They were ready and very excited to take their first shots of the season at these fish! They each took a few practice shots before we arrived back into the honey-hole. Sawyer shot, then Sierra. Both missed a couple times but were still giving it 100%.
Finally, Sawyer spotted a nice buff wiggling around on a shallow flat. Without words, he took aim quickly and shot. Sure enough, his arrow took off and danced around in the water! Fish On! He set his bow down, knowing this fish was a fighter and brought his fish in like an old pro. Hand over hand, he pulled it in, with an ear to ear smile. I had the camera on, and wasn’t thinking about providing a backup shot. Joel was there to help him bring it in the boat. Joel grabbed the arrow and gently pulled it up while also trying to support the weight of the fish with his other hand. The arrow pulled out. Now Joel was left to bring the fish in with his bare hands! What a sight! Tail in one hand and head in the other, the fish started flopping and threw water all over. He did what he could, but holding on to a wet slimy carp is like trying to catch a greased pig. Finally, he was able to scoop the fish up and toss it into the boat! Sawyer was thrilled! We couldn’t wipe the smile off his face if we tried. Sawyer had just shot his first fish!

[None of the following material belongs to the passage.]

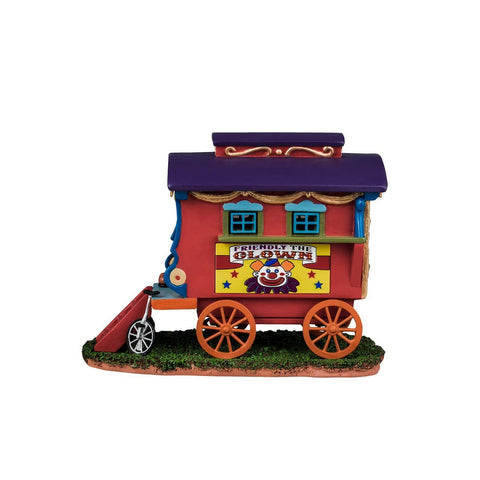 Lemax Carnival Village Table Accent Lemax Friendly The Clown Caravan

Then, only minutes after the water exploded with Sawyer connecting with his fish, we approached a patch of weeds that was wiggling and Sierra saw something move beneath it. I didn’t see anything, but she shot. Then, her arrow twitched and swam off. She didn’t quite realize what had happened! “You Got One!” I shouted. “Crank him in!”
She jumped into action and did what a 6-year-old could and finally got the fish boat-side. Somehow, she found the smallest common carp in the lake and arrowed it. It was a “Sierra-Sized Carp,” about 5 pounds and she was as thrilled! It was her first carp. How many kids can say “I shot my first carp when I was six?” What a milestone, huh? Only in our family.
A few days later we went out again night fishing with the kids. Sierra decided she was too tired to shoot that night, but Sawyer stood up on the platform all night, until finally we found fish. He arrowed two more fish that night. We’ve started a new generation of bowfisherKIDS. They’ll be on the water shooting fish with the rest of us real soon. Take your kids bowfishing. Spend a day on the water, boat around, talk, laugh and shoot at fish. Its quality time, whether or not the fish are there, or whether or not anyone can hit one. It’s just a great time on the water and a memory that will last a lifetime.